Recently, person-specific mathematical models, referred to as risk calculators (RC), have been developed to identify the optimal group of factors that predict the likelihood that an individual will develop a specific condition in the future.15,16 For example, RCs have been successfully validated and implemented to predict the personalized risk of medical illness such as cancer or cardiovascular conditions. 17,18 These RCs have become very useful tools to inform about the prognosis and treatment for a specific patient.15–18
Risk prediction models have been developed to predict the onset and persistence of depression, psychosis, suicidality, response to treatment for depression, medication side effects, and in one study, the onset of BD in depressed adult patients.15,16,19–25 In youths, the Pittsburgh Bipolar Offspring Study (BIOS) developed a RC to predict the 5-year risk of developing BD in offspring of parents with BD.21 The presence of subthreshold manic symptoms, depression, anxiety, and mood lability, poor functioning, and early parental age of mood disorder onset predicted onset of BD with 76% discrimination. Finally, the Course and Outcome for Bipolar Youth (COBY) study, by including early-onset mood symptomatology, anxiety, mood lability, and family psychopathology, built and externally validated a RC which predicted the risk of developing BD I/II in youths with subthreshold manic symptoms to BD-I/II with 71% discrimination. 26 The above RC is useful for predicting new onset BD in children and adolescents who have not yet developed it and whose parents have BD. However, it cannot be used to predict recurrences in youths that already have this disorder or to predict the recurrence of depressive episodes.

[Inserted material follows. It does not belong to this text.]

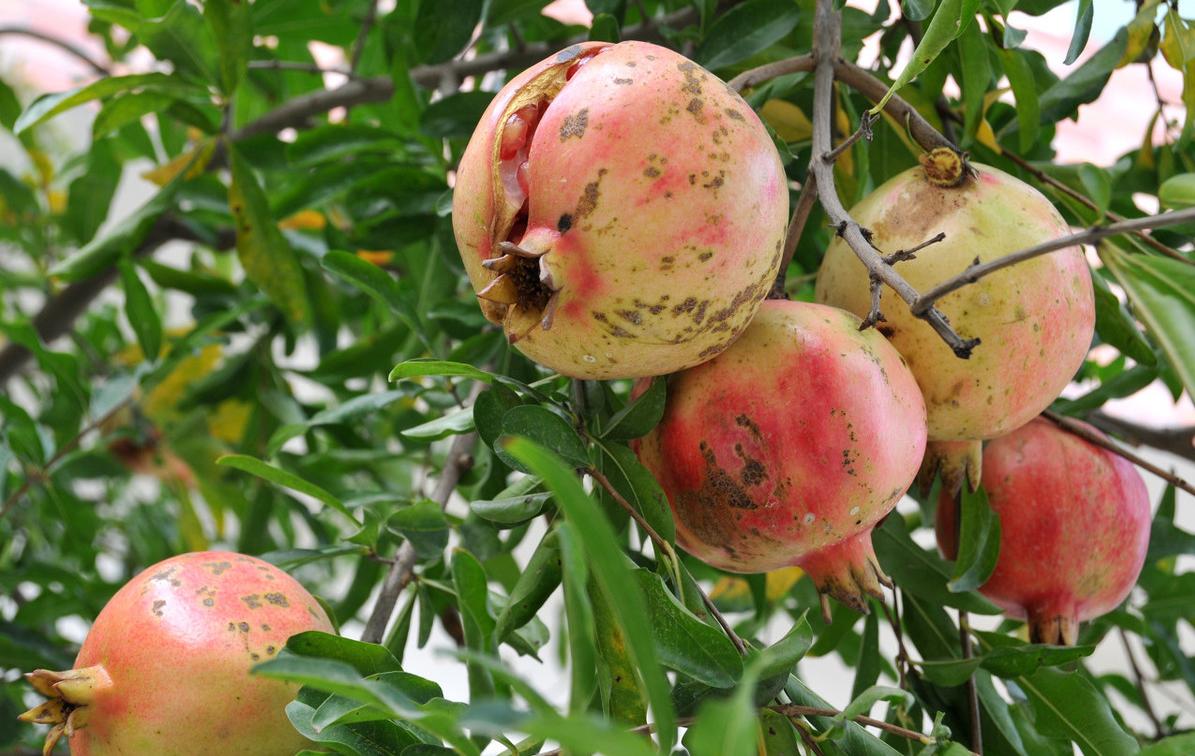 石榴开裂成“开口笑”？4点防治措施要清楚，石榴不裂果，品质佳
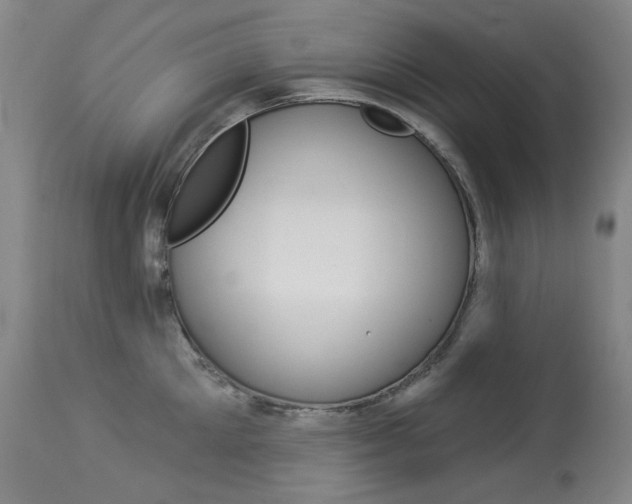 X0000114130905200910080959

In a prior publication, COBY reported the 4-year course and factors associated with increased risk for mood recurrences for the group as a whole.5 The goal of the current paper is, for the first time, to build a RC to predict the personalized risk of a depressive or hypo/manic recurrence for youths with BD who have been followed for over 12 years though the COBY study. To make the time-frame of this RC comparable to those published in medicine, we built our RC to predict the recurrence risk over 5-years following recovery of a mood episode, though other intervals of prediction were also analyzed.
Method
COBY’s methods have been previously documented.4–6 Relevant to this paper, COBY initially enrolled 413 BD youths who fulfilled DSM-IV criteria for BD-I, and BD-II and an operationalized COBY criteria for BD-NOS (For the BD-NOS criteria, see Supplement 2, available online). To develop the RC, participants needed to have a history of a full-threshold mood episode and had to be in recovery (at least 2 months of no or minimal mood symptoms), which allowed 363 participants to be included in the RC sample (mean age at intake: 12.6±3.2; mean age at the last follow-up: 24.5 ± 4.6; BD-I: n=218, BD-II: n=25, and BD-Not Otherwise Specified (NOS): n=120; Table 1). To be included in the RC analyses, participants with BD-NOS at intake were required to: 1) have had a full threshold mood episode, 2) have recovered from this episode for least 8 weeks, and 3) have at least one threshold mood episode after this recovery period.
Table 1.
Intake Demographic Variables | |
Mean Age at Intake (SD) | 12.6 (3.2) |
Mean Age at the last follow-up (SD) | 24.5 (4.6) |
Mean Socioeconomic Status (SD) | 3.4 (1.2) |
Sex (% Female) | 171 (47.1%) |
Race (% Caucasian) | 299 (82.4%) |
Live with Both Biological Parents (%) | 161 (44.4%) |
Intake Clinical Variables | |
Mean Age of Mood Disorder Onset (SD) | 9.4 (3.9) |
Bipolar Disorder (BD) Subtype | |
BD-I | 218 (60.1%) |
BD-II | 25 (6.9%) |
BD-NOS | 120 (33.1%) |
Generalized Anxiety Disorder (%) | 52 (14.3%) |
ADHD (%) | 208 (57.3%) |
Disruptive Behavioral Disorders (%) | 165 (45.5%) |
Psychosis (%) | 83 (22.9%) |
Physical/Sexual Abuse (%) | 72 (19.8%) |
Polarity of the Index Episode (%) | |
Depression | 51 (14.0%) |
Mania | 69 (18.9%) |
Hypomania | 30 (8.2%) |
Mixed | 62 (17.0%) |
Not Otherwise Specified | 153 (41.9%) |
Mean Total Number of New Recurrences (SD) | |
Depression | 2.3 (1.7) |
Mania | 1.3 (0.8) |
Hypomania | 1.5 (0.9) |
Mixed | 1.1 (0.3) |
Lifetime (intake plus follow-up) Family History | |
Depression (%) | 322 (88.7%) |
Mania/Hypomania (%) | 211 (58.1%) |
Anxiety (%) | 269 (74.1%) |
ADHD (%) | 168 (46.3%) |
Conduct Disorder (%) | 126 (34.7%) |
Psychosis (%) | 64 (17.6%) |
Substance Use Disorder (%) | 254 (70.0%) |
Suicidality (%) | 188 (51.8%) |
Note: Disruptive behavior disorders indicates oppositional defiant disorder and/or conduct disorder. Substance use disorder indicates all alcohol and substance abuse and dependence. ADHD = attention-deficit/hyperactivity disorder;
Participants were interviewed approximately a median of every 7.4 months for a median duration of 12.5 years with an 88% rate of retention. As compared to retained participants, dropouts were less likely to live with both biological parents were more likely to have ADHD and family history of conduct disorder.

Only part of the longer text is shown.